Czy policja będzie na polecenie neofaszystów usuwać spod pomnika Powstania Warszawskiego rodziny powstańców?
1 sierpnia w Warszawie, rocznica wybuchu Powstania Warszawskiego, zamiast być czasem zadumy i refleksji, dla części z nas stanie się po raz kolejny czasem konfrontacji z neofaszystami, wspomaganymi przez aparat państwa
Marsz organizowany przez środowisko skrajnej prawicy, na którym corocznie obok powstańczych kotwic pojawiają się krzyże celtyckie, zyskał, wskutek działania wojewody oraz Zbigniewa Ziobry, status zgromadzenia cyklicznego. Wedle – skądinąd niekonstytucyjnej – nowelizacji ustawy o zgromadzeniach oznacza to, że impreza ta zyskała wyłączność na organizowanie zgłoszonych zgromadzeń w centrum Warszawy, łącznie z Pomnikiem Powstania Warszawskiego. Co więcej, policja posuwała się – już całkowicie bezprawnie – dalej, usuwając siłą osoby niemile widziane przez organizatorów. Oznaczało to na przykład ludzi trzymających w ręku białe róże, symbol walki z nazizmem. W tym także członków rodzin powstańców.

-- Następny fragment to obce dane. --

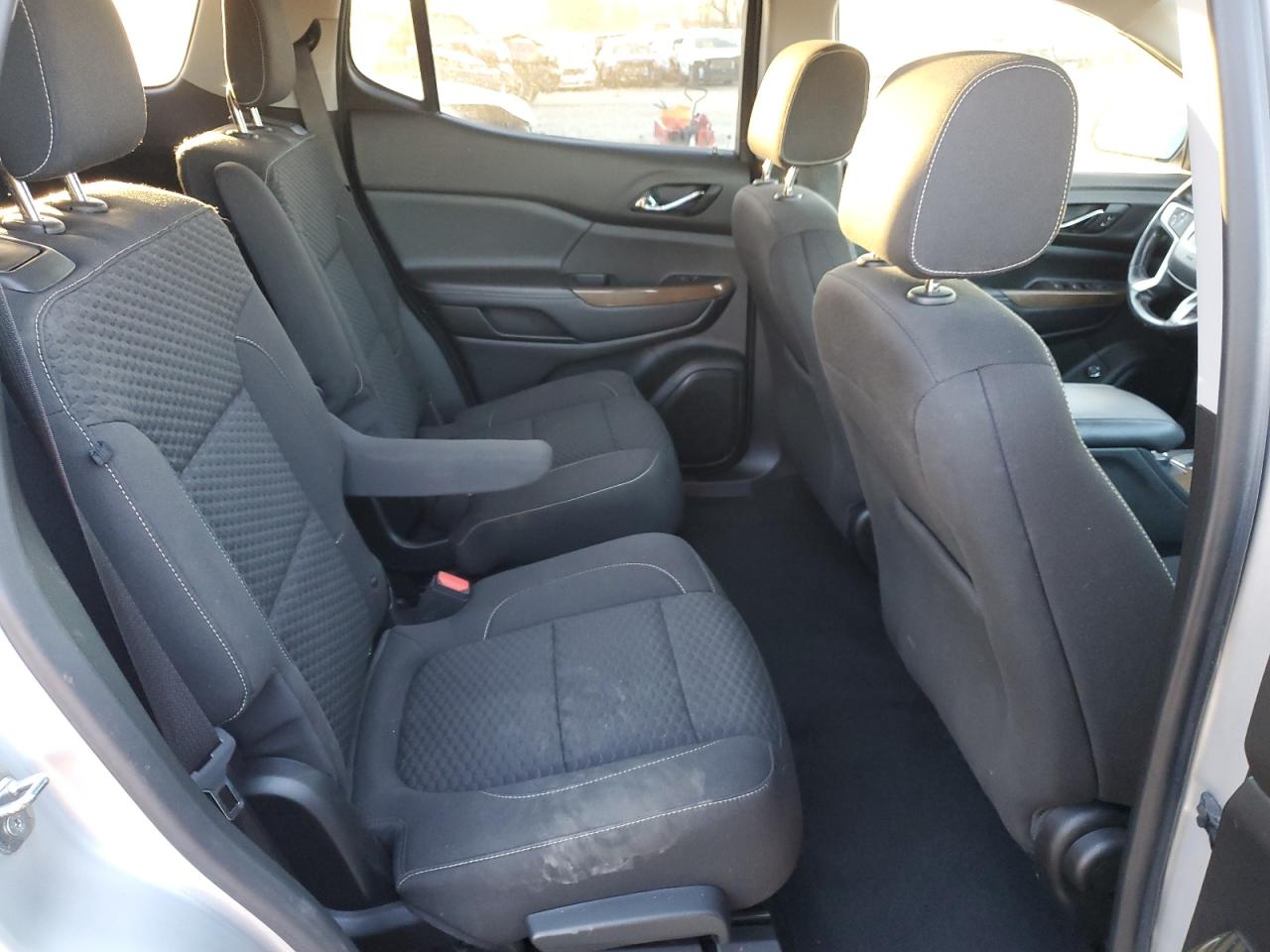 2019 GMC Acadia - Image 12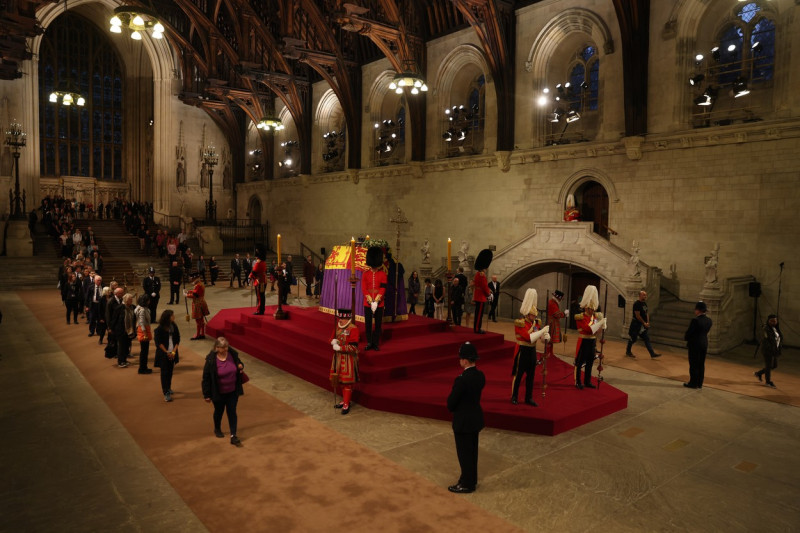 The Queen’s coffin lies in state in Westminster Hall as members of the public file past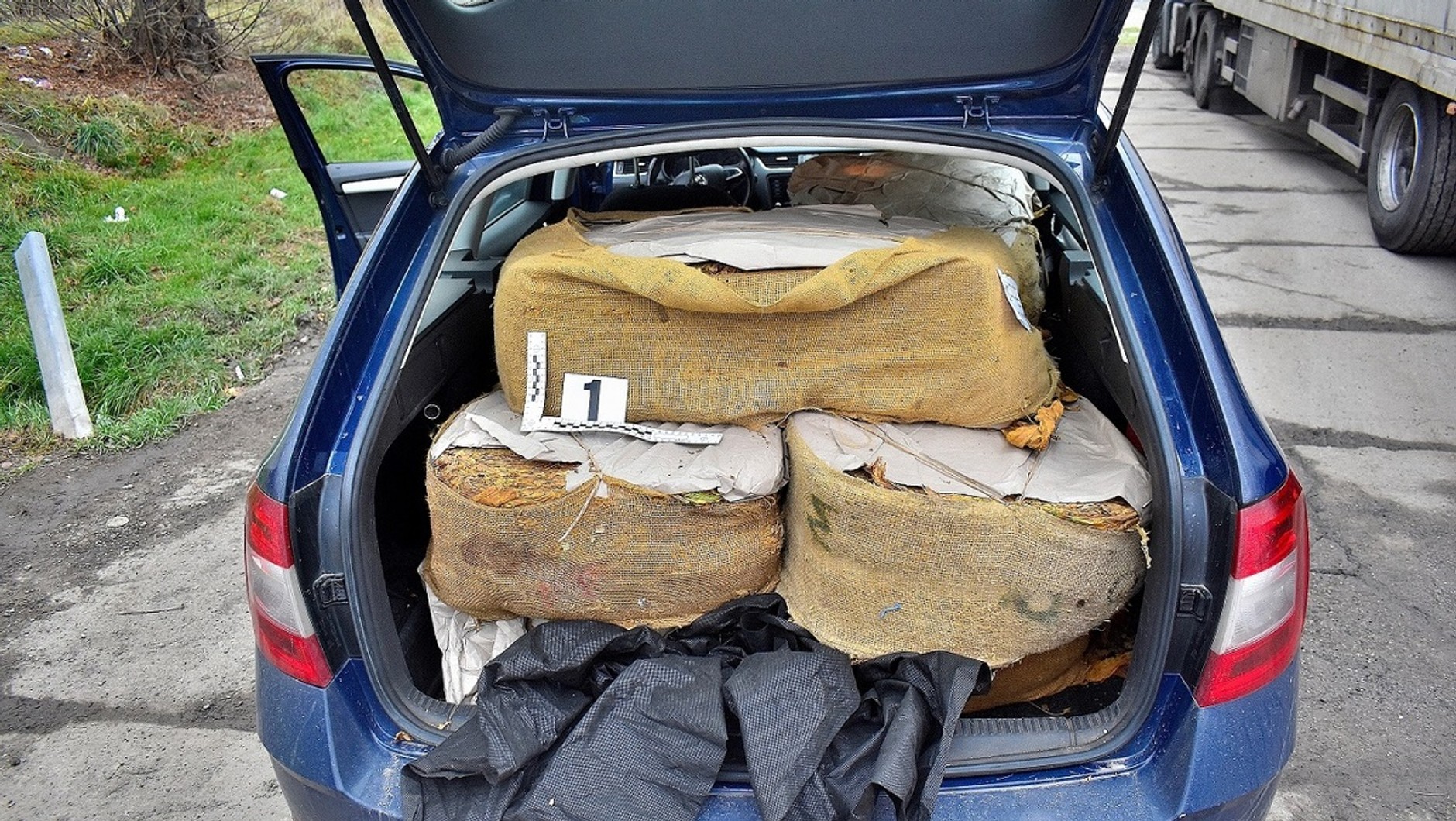 Przewoził 200 kg nielegalnego tytoniu w bagażniku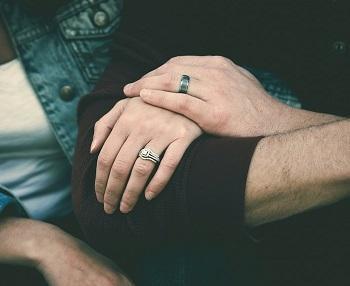 What is a Good Width for a Man’s Ring?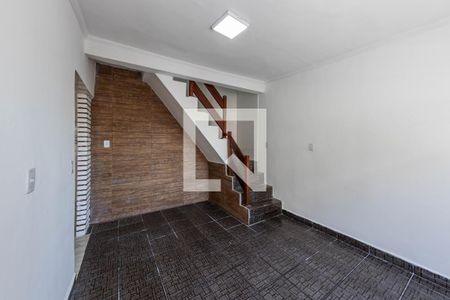 Sala de casa para alugar com 2 quartos, 100m² em Jardim Tiete, São Paulo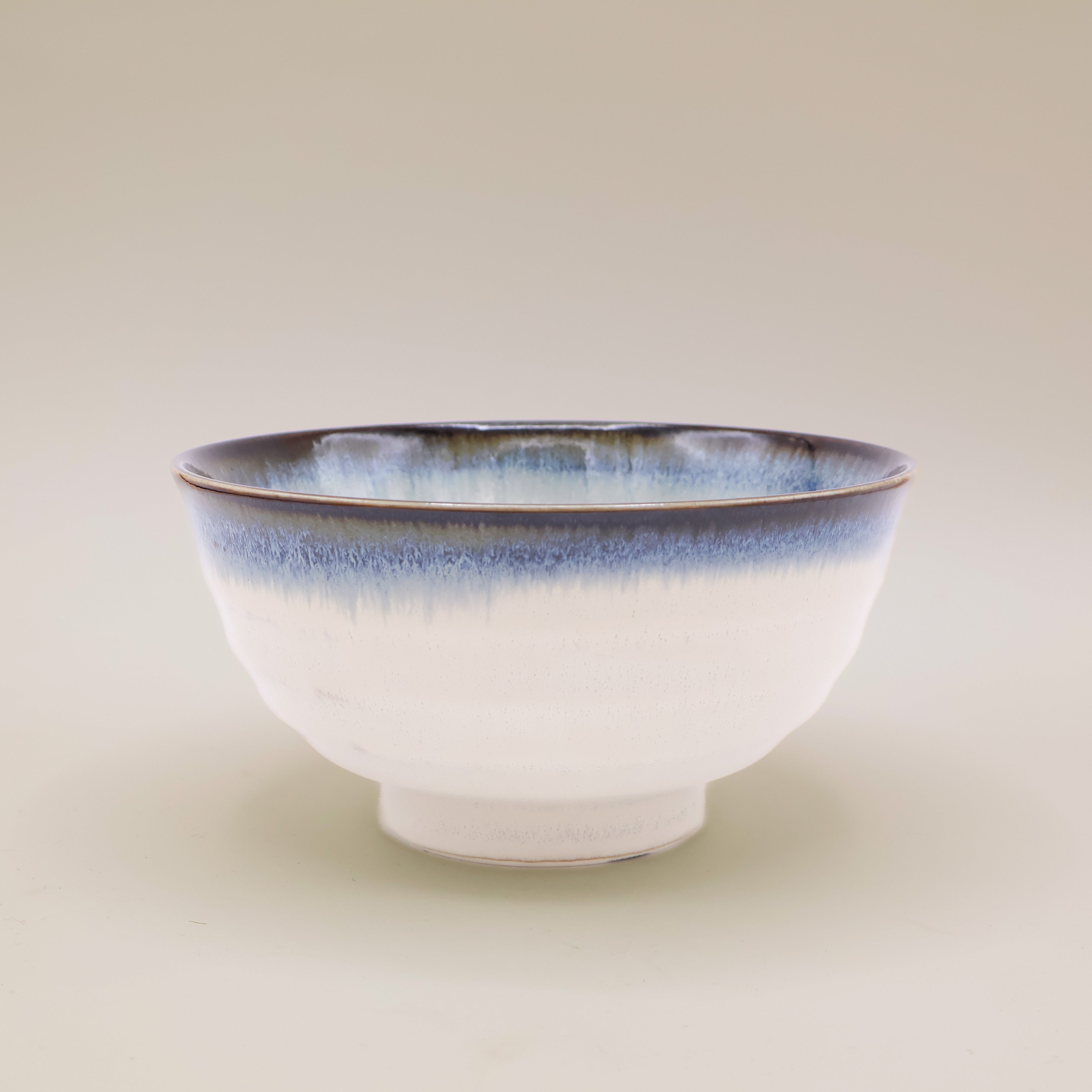 Nudelskål med hvid glasur og blå kant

Czy zatem 1 sierpnia policja będzie na polecenie neofaszystów usuwać spod pomnika Powstania Warszawskiego rodziny powstańców? Czy ta złowroga współpraca aparatu państwa ze skrajną prawicą jest zwiastunem tego, co czeka cały kraj po wyborach jesienią? Tak czy inaczej, sprzeciw jest moralnym obowiązkiem.
Doświadczenie Obywateli RP dowodzi, że przynajmniej w przypadku prawa do demonstracji jest on też sprawczy. My zatem tam będziemy – jak co roku, w milczeniu i z białymi różami. Dobrze by było, abyśmy nie byli tam sami.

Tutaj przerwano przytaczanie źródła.